While a significant step forward, both Saunders and Jason Warrelmann, vice president of healthcare strategy at UiPath, caution that agentic AI is still considered artificial narrow intelligence. Artificial general intelligence, which would allow machines to think like humans, does not yet exist.

“Right now, the best we can do is provide context so that the agent understands how to answer. There’s still a large language model behind it, so the agentic AI isn’t acting completely on its own,” Warrelmann says. “The computing required for that is still beyond us.”

“While agents and reasoning are powerful capabilities, they’re still no match for the incredible complexity of human intelligence,” Saunders agrees.
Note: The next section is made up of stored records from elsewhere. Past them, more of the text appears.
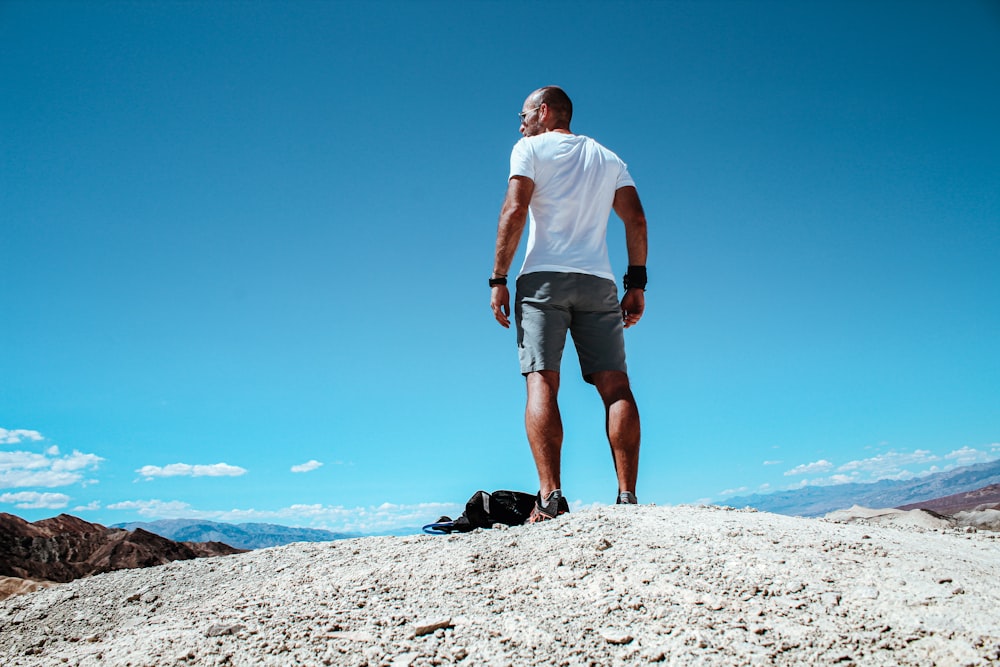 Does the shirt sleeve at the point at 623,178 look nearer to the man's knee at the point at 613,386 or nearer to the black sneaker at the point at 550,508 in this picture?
the man's knee at the point at 613,386

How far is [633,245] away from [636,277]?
0.24 m

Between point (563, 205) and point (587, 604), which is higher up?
point (563, 205)

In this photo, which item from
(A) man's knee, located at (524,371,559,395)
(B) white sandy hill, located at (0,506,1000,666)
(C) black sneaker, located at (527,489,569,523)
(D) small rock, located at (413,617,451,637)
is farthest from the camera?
(A) man's knee, located at (524,371,559,395)

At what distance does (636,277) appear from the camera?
16.4 ft

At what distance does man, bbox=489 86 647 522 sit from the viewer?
4.26 m

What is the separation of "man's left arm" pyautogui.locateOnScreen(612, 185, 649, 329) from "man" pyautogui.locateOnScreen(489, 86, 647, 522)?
4.8 inches

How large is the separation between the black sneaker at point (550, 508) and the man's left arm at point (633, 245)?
153 cm

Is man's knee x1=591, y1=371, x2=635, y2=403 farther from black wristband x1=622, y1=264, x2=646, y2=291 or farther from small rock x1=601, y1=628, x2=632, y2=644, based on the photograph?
small rock x1=601, y1=628, x2=632, y2=644

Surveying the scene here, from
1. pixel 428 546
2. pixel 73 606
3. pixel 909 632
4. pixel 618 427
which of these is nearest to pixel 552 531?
pixel 428 546

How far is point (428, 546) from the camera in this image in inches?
143

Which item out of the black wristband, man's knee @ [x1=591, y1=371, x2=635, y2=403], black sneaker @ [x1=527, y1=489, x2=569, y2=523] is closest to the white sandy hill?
black sneaker @ [x1=527, y1=489, x2=569, y2=523]

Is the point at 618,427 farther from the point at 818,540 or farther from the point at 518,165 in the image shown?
the point at 518,165

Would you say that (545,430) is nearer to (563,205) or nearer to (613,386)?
(613,386)

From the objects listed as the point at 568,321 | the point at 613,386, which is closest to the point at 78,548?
the point at 568,321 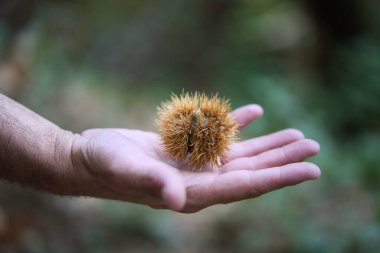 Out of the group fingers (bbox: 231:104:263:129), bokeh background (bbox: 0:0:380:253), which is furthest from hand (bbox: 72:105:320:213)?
bokeh background (bbox: 0:0:380:253)

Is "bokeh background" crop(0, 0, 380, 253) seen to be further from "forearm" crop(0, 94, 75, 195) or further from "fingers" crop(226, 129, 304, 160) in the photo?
"fingers" crop(226, 129, 304, 160)

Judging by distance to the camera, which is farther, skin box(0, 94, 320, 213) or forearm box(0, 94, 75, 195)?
forearm box(0, 94, 75, 195)

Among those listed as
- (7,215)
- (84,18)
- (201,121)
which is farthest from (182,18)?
(201,121)

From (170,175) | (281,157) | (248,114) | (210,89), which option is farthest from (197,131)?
(210,89)

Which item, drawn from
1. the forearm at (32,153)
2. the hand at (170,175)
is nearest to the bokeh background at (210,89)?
the forearm at (32,153)

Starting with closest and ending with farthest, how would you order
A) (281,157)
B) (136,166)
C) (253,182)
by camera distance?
1. (136,166)
2. (253,182)
3. (281,157)

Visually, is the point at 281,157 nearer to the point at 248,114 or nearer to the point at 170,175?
the point at 248,114

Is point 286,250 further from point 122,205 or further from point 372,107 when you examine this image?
point 372,107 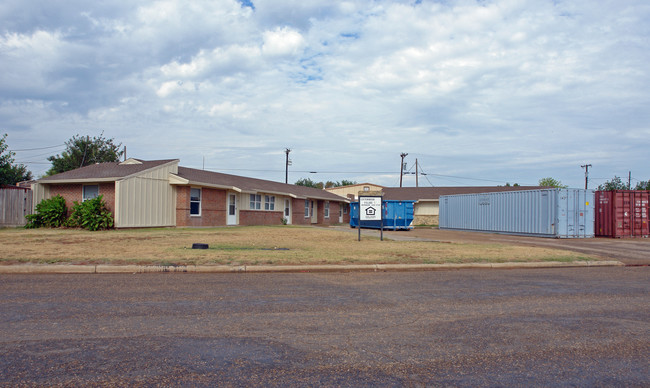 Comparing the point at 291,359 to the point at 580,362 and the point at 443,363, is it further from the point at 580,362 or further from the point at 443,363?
the point at 580,362

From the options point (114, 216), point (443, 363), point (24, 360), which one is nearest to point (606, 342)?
point (443, 363)

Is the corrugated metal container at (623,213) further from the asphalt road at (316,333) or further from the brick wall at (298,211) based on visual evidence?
the brick wall at (298,211)

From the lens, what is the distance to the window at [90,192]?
78.1 ft

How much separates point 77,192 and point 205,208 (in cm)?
654

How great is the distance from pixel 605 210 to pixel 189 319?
84.7 feet

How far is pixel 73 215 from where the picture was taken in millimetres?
22984

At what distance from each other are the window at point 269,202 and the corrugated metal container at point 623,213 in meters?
20.6

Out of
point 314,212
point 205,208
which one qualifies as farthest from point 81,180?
point 314,212

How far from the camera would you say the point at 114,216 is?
2258 centimetres

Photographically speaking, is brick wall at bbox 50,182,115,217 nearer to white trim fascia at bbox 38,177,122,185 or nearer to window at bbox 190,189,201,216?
white trim fascia at bbox 38,177,122,185

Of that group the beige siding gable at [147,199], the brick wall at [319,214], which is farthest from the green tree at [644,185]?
the beige siding gable at [147,199]

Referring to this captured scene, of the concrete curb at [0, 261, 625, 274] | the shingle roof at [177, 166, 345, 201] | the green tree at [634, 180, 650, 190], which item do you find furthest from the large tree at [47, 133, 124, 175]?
the green tree at [634, 180, 650, 190]

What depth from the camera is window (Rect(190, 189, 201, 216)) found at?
26.2 m

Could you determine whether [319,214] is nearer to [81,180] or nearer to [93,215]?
[81,180] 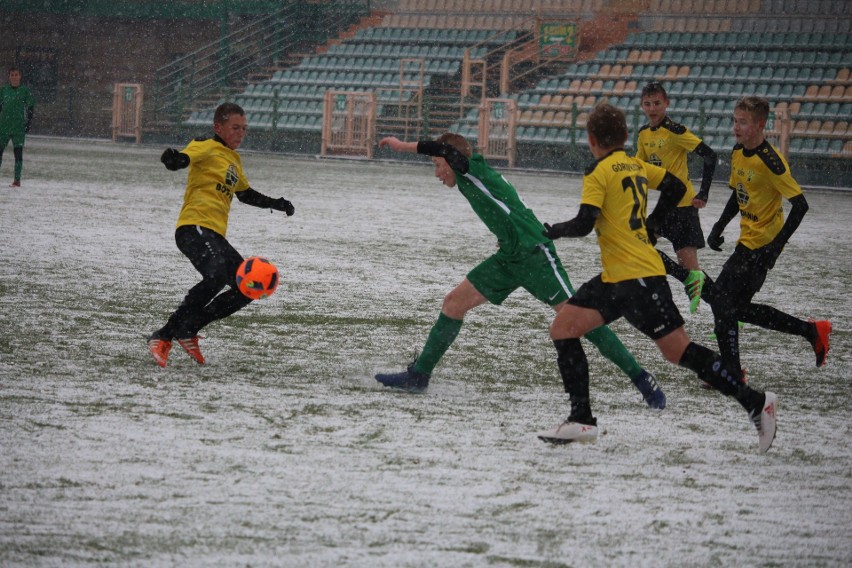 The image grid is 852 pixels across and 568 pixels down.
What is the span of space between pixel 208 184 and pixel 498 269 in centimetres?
193

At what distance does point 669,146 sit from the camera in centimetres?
864

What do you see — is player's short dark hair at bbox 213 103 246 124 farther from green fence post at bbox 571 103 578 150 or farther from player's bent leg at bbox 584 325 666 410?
green fence post at bbox 571 103 578 150

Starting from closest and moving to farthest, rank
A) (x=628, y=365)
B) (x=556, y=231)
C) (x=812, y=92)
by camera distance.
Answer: (x=556, y=231)
(x=628, y=365)
(x=812, y=92)

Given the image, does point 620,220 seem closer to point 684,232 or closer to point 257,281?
point 257,281

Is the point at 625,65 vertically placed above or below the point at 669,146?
above

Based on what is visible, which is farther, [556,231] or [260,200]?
[260,200]

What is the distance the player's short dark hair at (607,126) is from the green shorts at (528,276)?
0.86 metres

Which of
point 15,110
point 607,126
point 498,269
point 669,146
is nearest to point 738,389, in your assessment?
point 607,126

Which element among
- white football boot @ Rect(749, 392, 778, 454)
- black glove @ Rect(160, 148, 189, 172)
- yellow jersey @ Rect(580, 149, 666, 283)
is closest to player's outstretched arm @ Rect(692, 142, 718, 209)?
yellow jersey @ Rect(580, 149, 666, 283)

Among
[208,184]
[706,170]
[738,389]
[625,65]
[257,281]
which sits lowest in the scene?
[738,389]

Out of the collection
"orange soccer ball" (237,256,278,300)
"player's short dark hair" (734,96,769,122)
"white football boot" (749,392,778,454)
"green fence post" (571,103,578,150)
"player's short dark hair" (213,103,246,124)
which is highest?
"green fence post" (571,103,578,150)

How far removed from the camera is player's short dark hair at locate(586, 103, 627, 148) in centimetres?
509

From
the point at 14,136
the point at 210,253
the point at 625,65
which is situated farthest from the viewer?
the point at 625,65

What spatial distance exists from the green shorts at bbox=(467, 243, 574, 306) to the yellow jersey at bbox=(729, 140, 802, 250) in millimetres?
1487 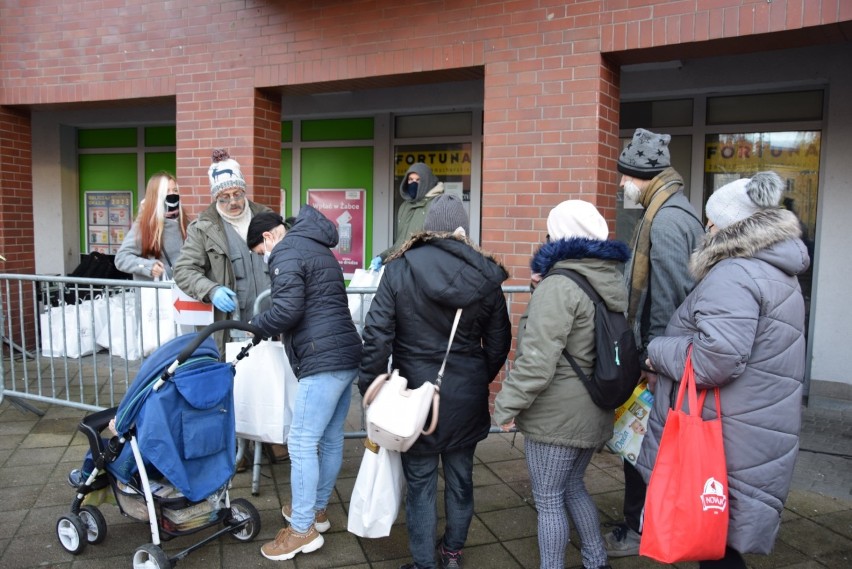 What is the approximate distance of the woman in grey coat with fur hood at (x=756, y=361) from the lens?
8.86 feet

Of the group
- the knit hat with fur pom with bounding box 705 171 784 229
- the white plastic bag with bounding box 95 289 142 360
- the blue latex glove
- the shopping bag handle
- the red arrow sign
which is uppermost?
the knit hat with fur pom with bounding box 705 171 784 229

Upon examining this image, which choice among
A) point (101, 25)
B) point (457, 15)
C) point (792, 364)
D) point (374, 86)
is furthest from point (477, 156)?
point (792, 364)

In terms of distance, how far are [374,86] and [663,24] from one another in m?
2.73

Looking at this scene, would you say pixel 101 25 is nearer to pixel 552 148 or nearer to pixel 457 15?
pixel 457 15

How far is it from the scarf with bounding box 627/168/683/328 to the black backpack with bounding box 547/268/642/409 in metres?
0.73

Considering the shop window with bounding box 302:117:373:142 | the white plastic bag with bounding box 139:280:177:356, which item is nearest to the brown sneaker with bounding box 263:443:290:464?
the white plastic bag with bounding box 139:280:177:356

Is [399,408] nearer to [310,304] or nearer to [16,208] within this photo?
[310,304]

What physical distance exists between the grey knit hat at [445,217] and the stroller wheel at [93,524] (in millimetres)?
2278

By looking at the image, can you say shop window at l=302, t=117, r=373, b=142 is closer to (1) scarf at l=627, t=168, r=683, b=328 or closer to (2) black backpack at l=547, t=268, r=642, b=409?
(1) scarf at l=627, t=168, r=683, b=328

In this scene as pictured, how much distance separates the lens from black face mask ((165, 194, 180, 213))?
5504 millimetres

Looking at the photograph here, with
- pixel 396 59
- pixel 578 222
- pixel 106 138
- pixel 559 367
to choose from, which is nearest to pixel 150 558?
pixel 559 367

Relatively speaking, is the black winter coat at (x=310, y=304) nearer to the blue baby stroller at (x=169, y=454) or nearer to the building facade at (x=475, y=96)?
the blue baby stroller at (x=169, y=454)

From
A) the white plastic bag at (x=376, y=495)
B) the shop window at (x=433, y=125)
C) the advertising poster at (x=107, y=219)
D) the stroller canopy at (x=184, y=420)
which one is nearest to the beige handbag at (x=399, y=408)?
the white plastic bag at (x=376, y=495)

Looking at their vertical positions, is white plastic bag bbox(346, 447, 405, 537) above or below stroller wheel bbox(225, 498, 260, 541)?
above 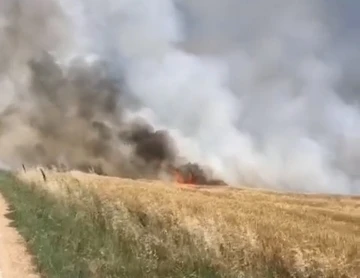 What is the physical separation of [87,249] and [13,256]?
7.31 ft

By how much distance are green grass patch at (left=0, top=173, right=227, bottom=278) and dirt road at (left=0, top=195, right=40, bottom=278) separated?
214mm

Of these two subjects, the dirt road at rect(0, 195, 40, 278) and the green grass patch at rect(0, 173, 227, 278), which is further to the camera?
the dirt road at rect(0, 195, 40, 278)

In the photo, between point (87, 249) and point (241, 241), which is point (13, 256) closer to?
point (87, 249)

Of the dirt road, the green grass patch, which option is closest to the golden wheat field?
the green grass patch

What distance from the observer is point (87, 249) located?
15.2 m

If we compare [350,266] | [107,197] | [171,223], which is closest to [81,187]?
[107,197]

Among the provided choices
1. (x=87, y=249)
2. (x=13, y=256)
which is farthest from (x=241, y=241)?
(x=13, y=256)

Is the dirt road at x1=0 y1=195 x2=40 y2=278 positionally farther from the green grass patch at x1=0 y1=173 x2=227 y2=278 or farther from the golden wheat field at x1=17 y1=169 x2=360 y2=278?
the golden wheat field at x1=17 y1=169 x2=360 y2=278

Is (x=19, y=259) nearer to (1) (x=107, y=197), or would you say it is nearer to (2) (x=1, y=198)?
(1) (x=107, y=197)

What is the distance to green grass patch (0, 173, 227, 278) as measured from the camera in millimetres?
13203

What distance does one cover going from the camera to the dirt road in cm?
1470

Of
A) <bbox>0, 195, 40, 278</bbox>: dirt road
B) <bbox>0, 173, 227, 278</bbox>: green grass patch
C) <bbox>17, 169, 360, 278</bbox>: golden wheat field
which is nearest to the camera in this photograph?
<bbox>17, 169, 360, 278</bbox>: golden wheat field

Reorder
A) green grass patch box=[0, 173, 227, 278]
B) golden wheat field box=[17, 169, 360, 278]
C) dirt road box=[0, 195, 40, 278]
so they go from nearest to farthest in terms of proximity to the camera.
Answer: golden wheat field box=[17, 169, 360, 278]
green grass patch box=[0, 173, 227, 278]
dirt road box=[0, 195, 40, 278]

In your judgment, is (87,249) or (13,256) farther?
(13,256) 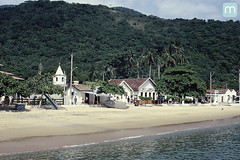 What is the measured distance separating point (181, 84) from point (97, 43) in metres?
101

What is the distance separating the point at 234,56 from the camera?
125375 mm

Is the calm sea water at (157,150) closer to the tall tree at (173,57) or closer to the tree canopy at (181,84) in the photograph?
the tree canopy at (181,84)

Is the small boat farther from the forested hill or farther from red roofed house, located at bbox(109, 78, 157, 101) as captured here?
the forested hill

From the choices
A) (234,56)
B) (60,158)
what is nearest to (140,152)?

EXPLORE: How can data governance and LLMs help healthcare organizations avoid bias and inaccuracy?

How Does Agentic AI Differ from Generative AI?

Generative AI applications use data from large language models to craft responses. The quality of the output relies largely on the specificity and guidance provided by the user, a process known as prompt engineering.

Agentic AI is more proactive. It can pull information from multiple sources, use sophisticated reasoning and then automatically complete the next task.

“Agentic AI builds on generative AI, taking simple responses further with the ability to consider options, go back and redo steps,” says Saunders. “It works much more like we do when we solve problems and work out how to consider new information.”

In healthcare, agentic and generative AI can work together to increase efficiencies and boost productivity. For example, after a surgery, generative AI can use the patient’s record and the surgeon’s notes to write post-op instructions for medication use, activity limitations and follow-up care.

Agentic AI can then share the generated instructions, monitor if the patient has accessed the document within the patient portal and send reminders about future appointments. If the patient reports a serious symptom, the healthcare AI agent could automatically alert a nurse or schedule a virtual consult with the provider.